05-436 / 05-836 / 08-534 / 08-734 Usable Privacy and Security
Print your homework out and submit it in person at the start of class (3:00pm) on Thursday, February 26th. Homework will not be accepted after 3:00pm on that day.
- Part 1 (50 points): A handful of papers you have read so far in this class have used statistics to support their arguments. In particular, for this problem, you should consider the following five papers: Woodruff et al. (January 22nd); Shay et al. (January 29th); Harbach et al. (February 12th); Schechter et al. (February 12th); and Bravo-Lillo et al. (February 17th).
Skim back through these five papers and note what different statistical tests they use. Then, create and submit a table that shows how these five studies used different statistical tests. Use the following format for your table, where each row represents an analysis you found in one of the papers:
- Column 1: Which paper? (e.g., Woodruff et al.)
- Column 2: What is the name of the statistical test they used? (e.g., ANOVA)
- Column 3: What is the question they're trying to investigate using statistics? (e.g., Is privacy concern correlated with age?)
- Column 4: What format is their data in? (e.g., survey responses rating agreement on a 7-point Likert scale. They binned these responses into two groups: "agree" and "not agree")
- Column 5: How did they report the results of the test in the paper? (e.g., [χ2=168.07, p<.001]
- Column 6: (If applicable) Do they make any interesting comments about why they chose this test? (e.g., The data are not normally distributed.) Similarly, note if they performed any kind of correction for multiple testing.

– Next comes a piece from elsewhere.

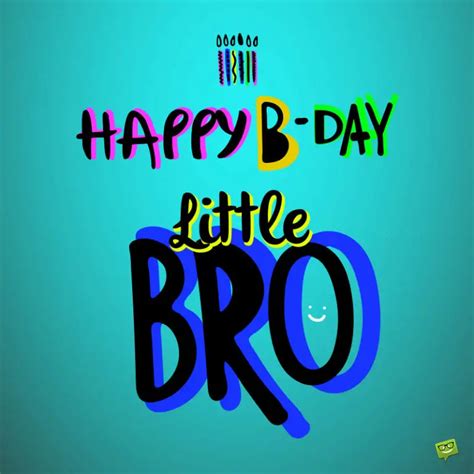 70 Messages That Say Happy Birthday Little Brother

Group the rows of your table based on the type of analysis the statistics are being used to support. It may be easiest to split your table into multiple smaller tables. For example, if one paper uses statistical test Foo to compare Likert-scale survey questions and another paper uses statistical test Foo or statistical test Bar to compare survey questions where the structure of the data or comparison seems similar, group those together.
Note that even if a particular paper uses a particular test multiple times, you only need to report it once in your table. For example, if Shay et al. use the XYZ test 15 times and the ABC test 32 times, you only need to report once in your table that Shay et al. use the XYZ test (pick representative answers for each column of your table) and once that Shay et al. use the ABC test.
- Part 2 (50 points): We have provided you the following dataset about deaths on the Titanic. The first link is to the raw data. The second explains the dataset; its appendix explains the column values.
Using whatever tool you prefer, conduct two different (appropriate) statistical tests to analyze this data.
- The raw data
- Robert J. MacG. Dawson. The "Unusual Episode" Data Revisited. Journal of Statistics Education v.3, n.3 (1995)
You should turn in a single paragraph containing all of the following information:
- What were you analyzing?
- What statistical test did you use, and how did you choose it?
- What software did you use to analyze the data?
- Give the result of the test (including p value).
- Briefly interpret your result.
If you don't have prior experience with any statistical software, we highly recommend you go through Blase's R tutorial, which includes lots of sample code.
- Part 3 (9-unit students should not do this part. 12-unit students will receive between 0 and 30 points for this part): Write a 3-7 sentence summary and short "highlight" for one optional reading assigned for each of the following classes (2 optional readings total): February 24th and February 26th.